Quant aux prétendu-e-s non-aligné-e-s de la « troisième voie », les dirigeant-e-s de la prétendue « ARC », prêt-e-s à toutes les concessions vis-à-vis de la direction pour sauver l’appareil (et leur place dans cet appareil), promettaient qu’il était possible de refonder le NPA et d’éviter ainsi « la scission et le marasme » : mais comme nous l’avions prédit (voir notre critique de la Plateforme A défendue par l’ARC), toute minorisation de la direction sortante devait reconduire automatiquement à la scission, en sorte que la « troisième voie » ne représentait évidemment aucune perspective politique concrète.
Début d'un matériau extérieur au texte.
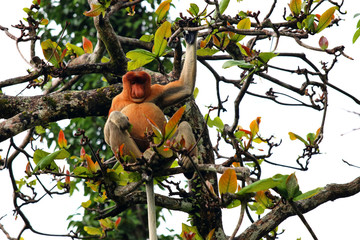 proboscis monkey (Nasalis larvatus) - Borneo Malaysia Asia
Ou plutôt, la logique même de la ligne suivie par la direction de l’ARC, toujours plus tournée vers le cadre même du NPA et donc sa direction (ce qui l’avait conduite à employer les mêmes méthodes pour exclure de ses rangs la majorité des camarades issu-e-s de la Tendance CLAIRE au printemps 2021 !), explique qu’elle ait refusé de faire bloc avec les oppositionnels de la pfC contre le coup de force de la direction, alors que cela aurait permis de constituer une majorité au congrès et donc de donner une légitimité à celui-ci après le départ de la pfB. Et auparavant, tout en prétendant vouloir une « refondation révolutionnaire du NPA », elle avait en fait donné le feu vert à la direction en proposant au congrès un texte qui prévoyait de mettre fin à une bonne partie des droits des fractions, ce qui revenait à présenter celles-ci comme les principales responsables du « marasme ». La seule “troisième voie” possible entre la scission et le marasme, c’était en fait la scission et le marasme à la fois : un parti qui a scissionné de fait, mais avec deux groupes qui prétendent toujours « continuer » de leur côté le NPA dans un état toujours plus moribond.
Une affaire à suivre…
Le seul résultat de ce congrès, c’est la parcellisation toujours plus prononcée de l’extrême gauche, et personne n’en sort gagnant. Il existe une constellation encore plus dispersée de groupes dérisoirement faibles. Dans quelles perspectives s’engageront les courants oppositionnels ? Tireront-ils les leçons de l’échec du NPA ? L’avenir le dira. Pour notre part, nous ouvrons la discussion entre nous pour savoir quelle position adopter à l’égard de ces courants, et nous sommes prêt-e-s à échanger avec eux à ce sujet. Quoi qu’il en soit, nous continuons bien sûr de participer à la France insoumise et d’y défendre nos idées communistes révolutionnaires.